About this task » Please write out only the lines from the line with "pichet carafe vintage" to the line with "HERRYS - Na", inclusive, exactly as they stand below, without the pictures.

Input records »
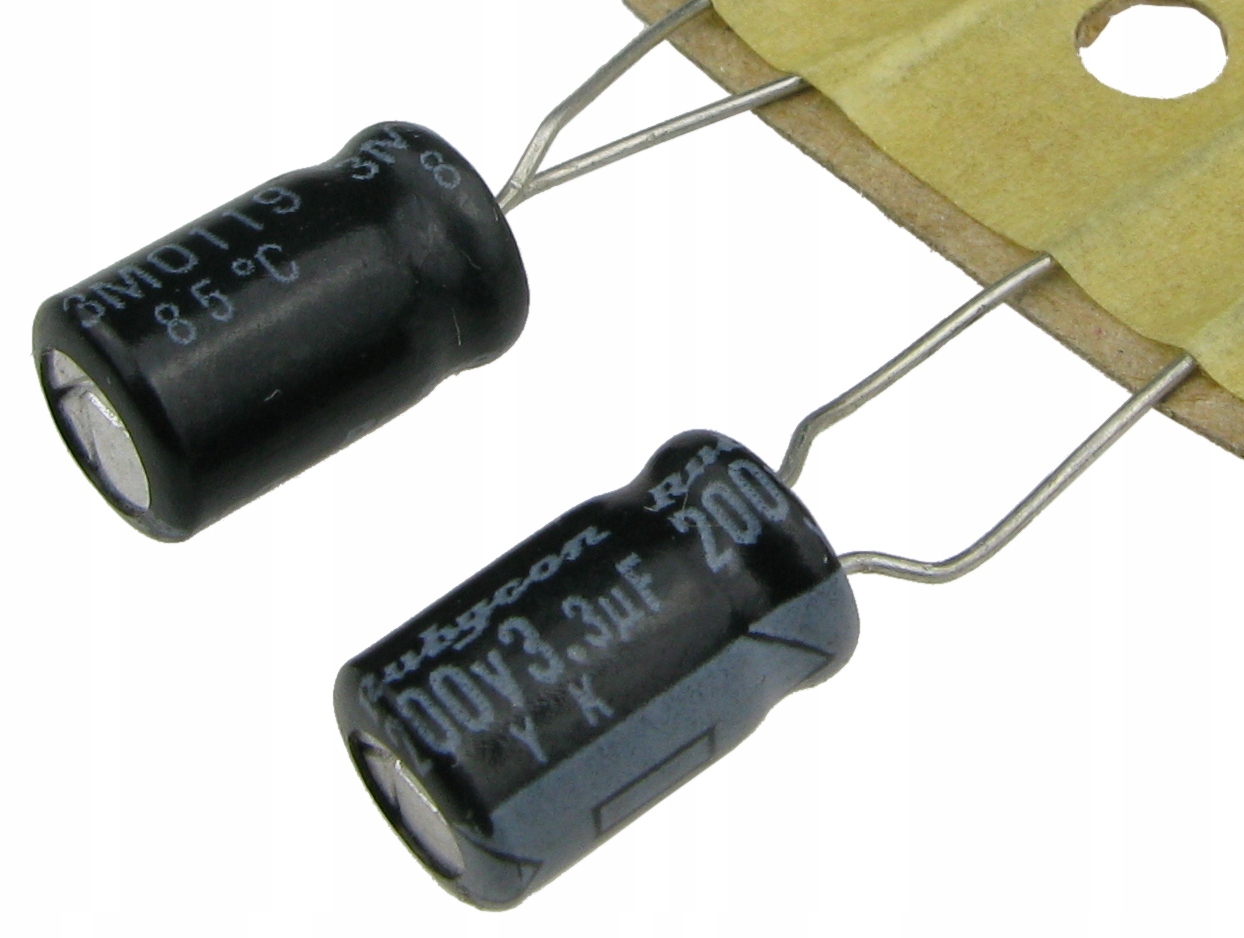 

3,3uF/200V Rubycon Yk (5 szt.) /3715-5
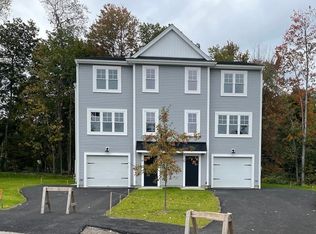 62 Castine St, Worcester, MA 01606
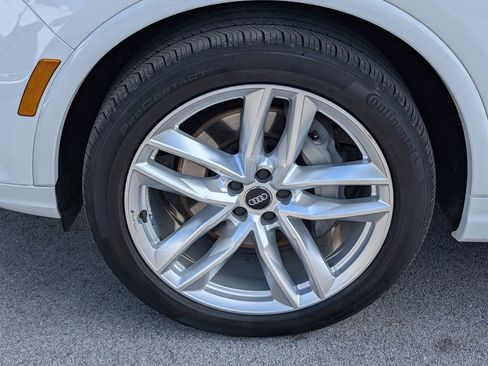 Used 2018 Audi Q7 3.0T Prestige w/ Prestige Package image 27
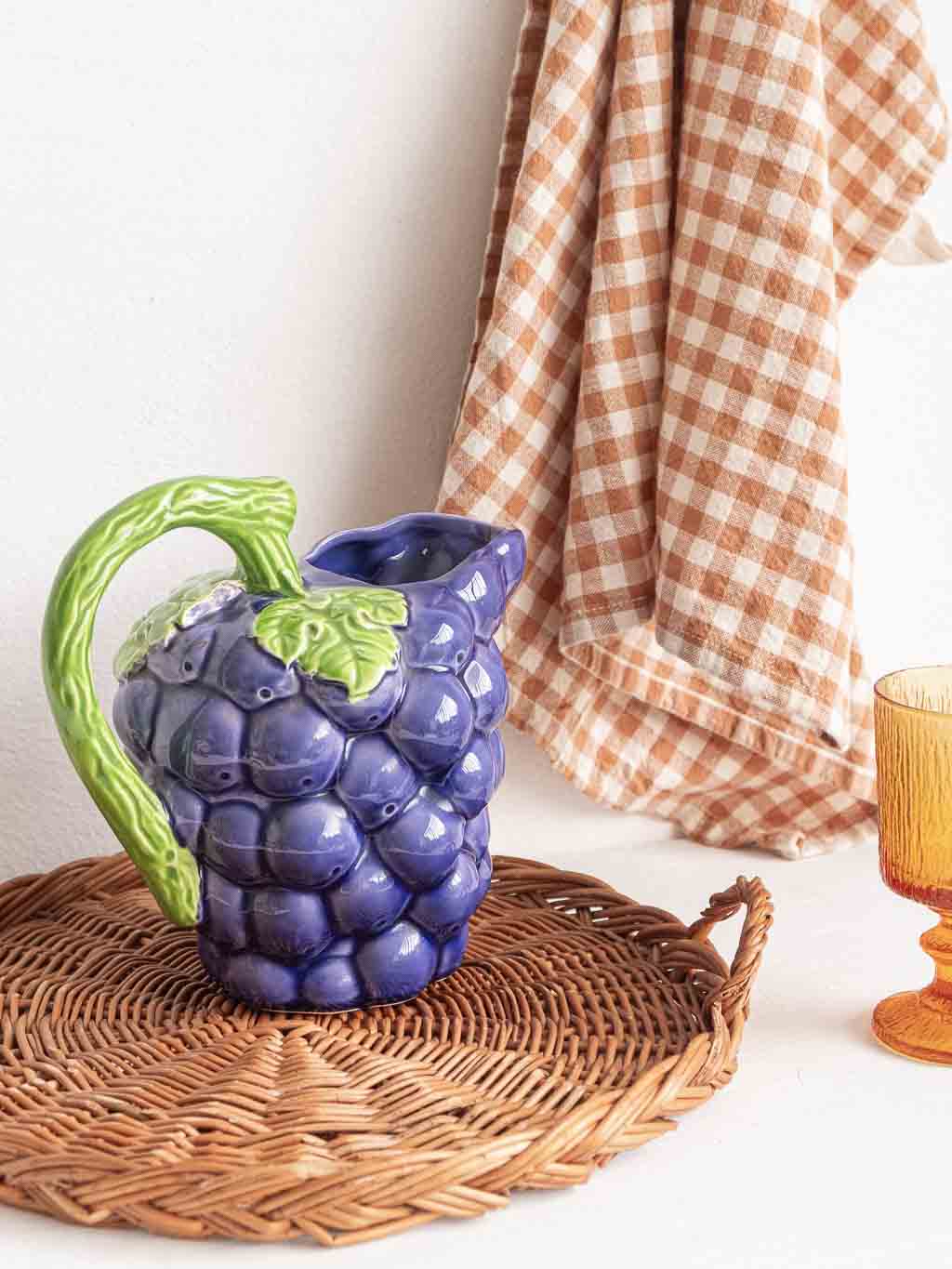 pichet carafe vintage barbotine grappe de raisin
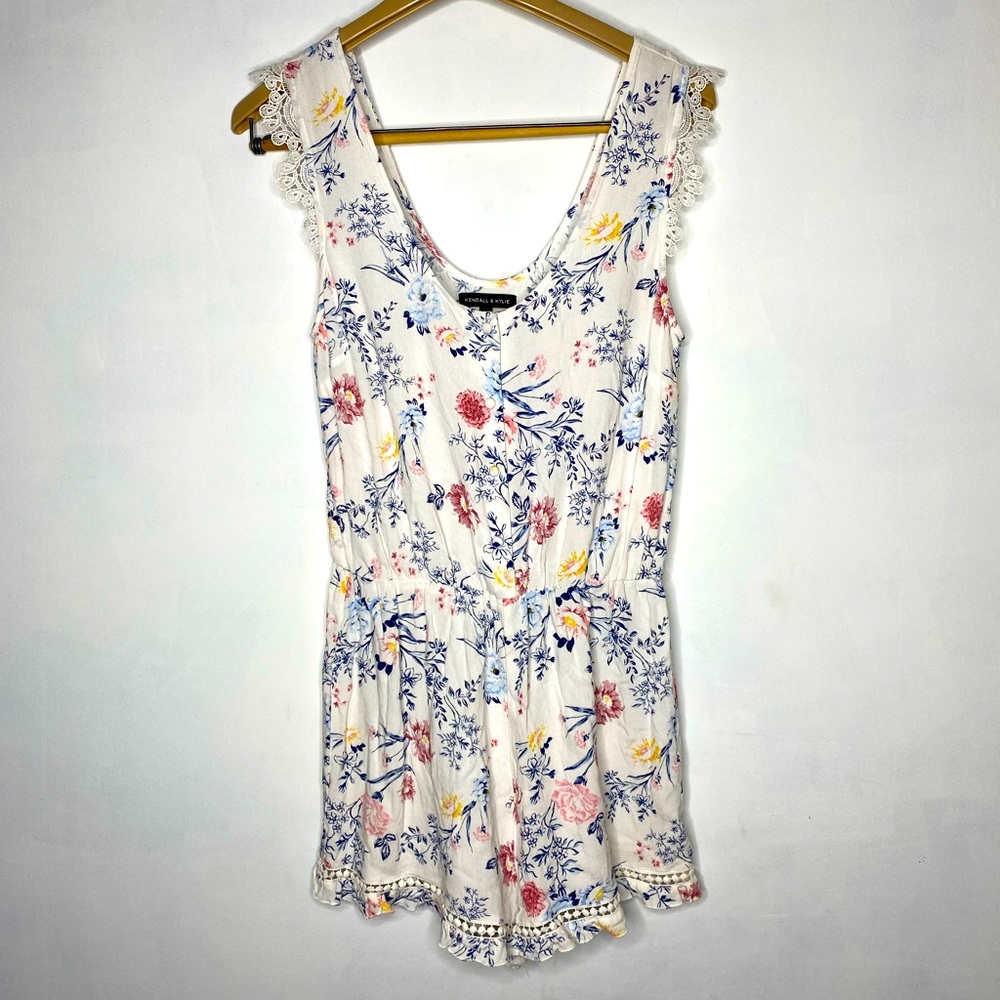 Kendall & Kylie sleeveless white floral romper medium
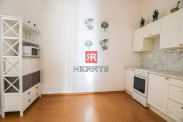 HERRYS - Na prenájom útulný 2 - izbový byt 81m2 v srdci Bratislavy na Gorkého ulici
* * *
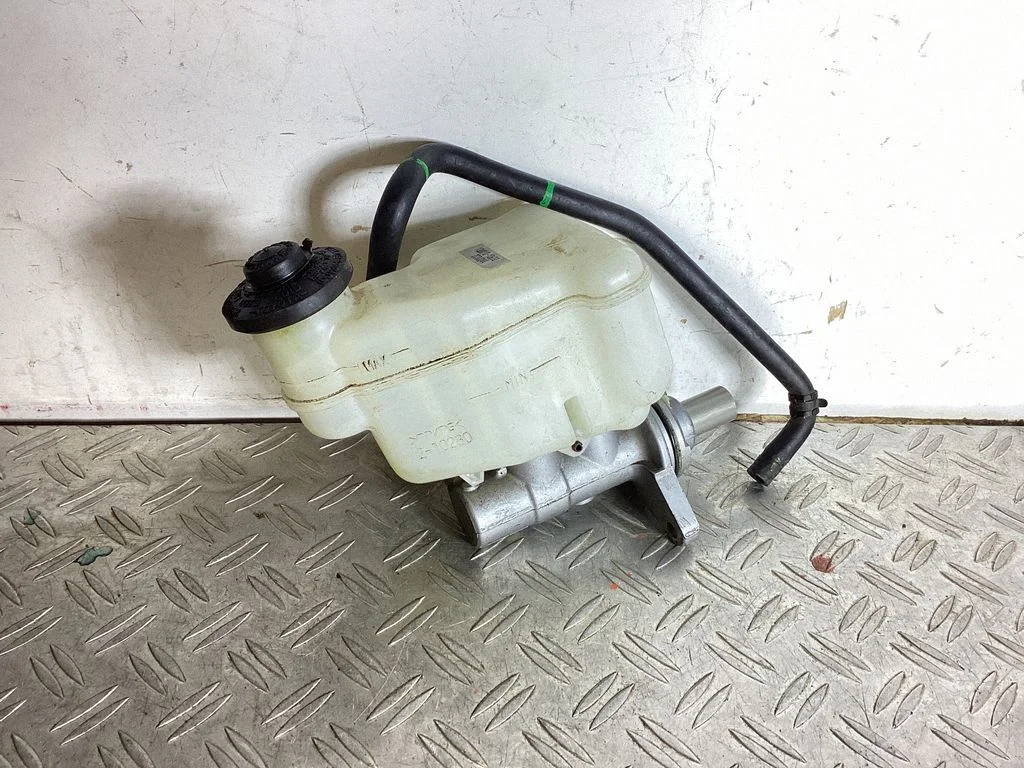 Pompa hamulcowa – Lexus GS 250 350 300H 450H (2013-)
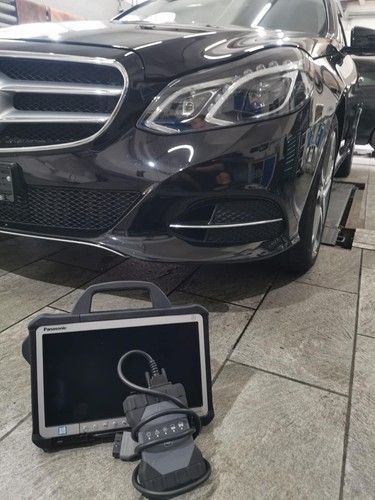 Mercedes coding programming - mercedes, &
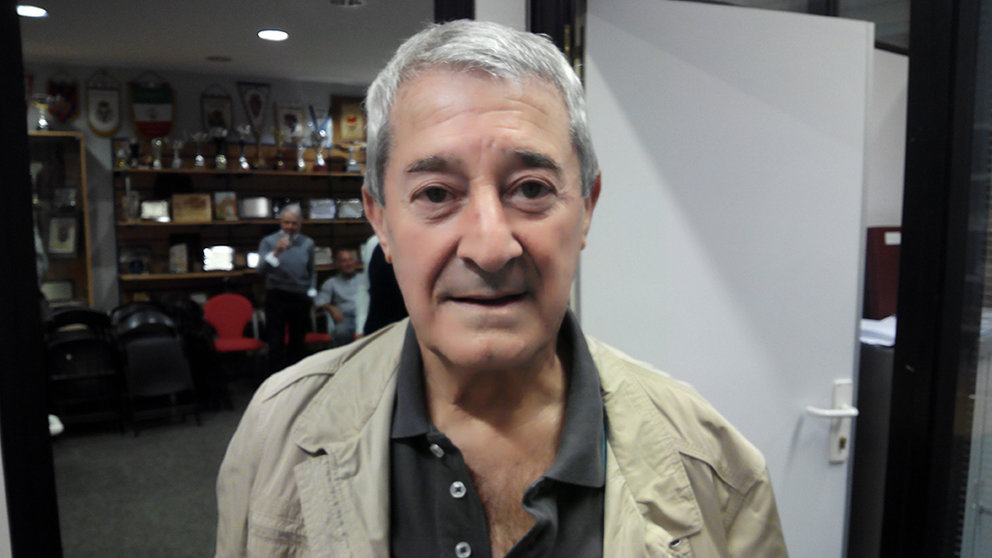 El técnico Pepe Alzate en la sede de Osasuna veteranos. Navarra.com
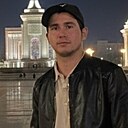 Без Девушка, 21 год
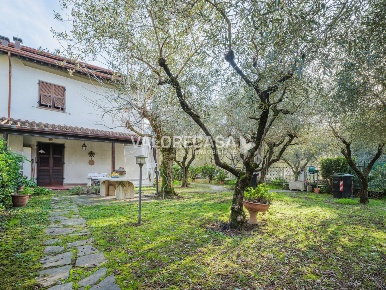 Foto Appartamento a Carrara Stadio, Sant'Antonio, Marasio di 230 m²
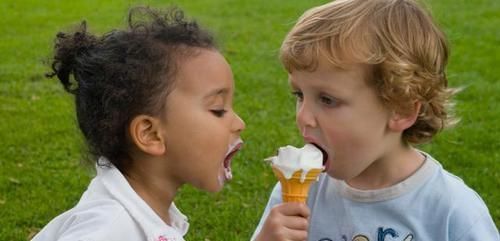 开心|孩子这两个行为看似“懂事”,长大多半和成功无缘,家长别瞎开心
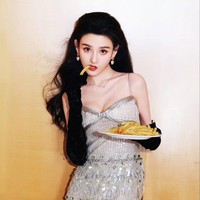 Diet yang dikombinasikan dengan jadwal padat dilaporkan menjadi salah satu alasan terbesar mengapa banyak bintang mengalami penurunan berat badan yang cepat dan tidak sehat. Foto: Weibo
* * *
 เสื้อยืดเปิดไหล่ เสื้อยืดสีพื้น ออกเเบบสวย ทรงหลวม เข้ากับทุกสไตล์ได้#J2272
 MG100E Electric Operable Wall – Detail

Reply »
 pichet carafe vintage barbotine grappe de raisin
 Kendall & Kylie sleeveless white floral romper medium
 HERRYS - Na prenájom útulný 2 - izbový byt 81m2 v srdci Bratislavy na Gorkého ulici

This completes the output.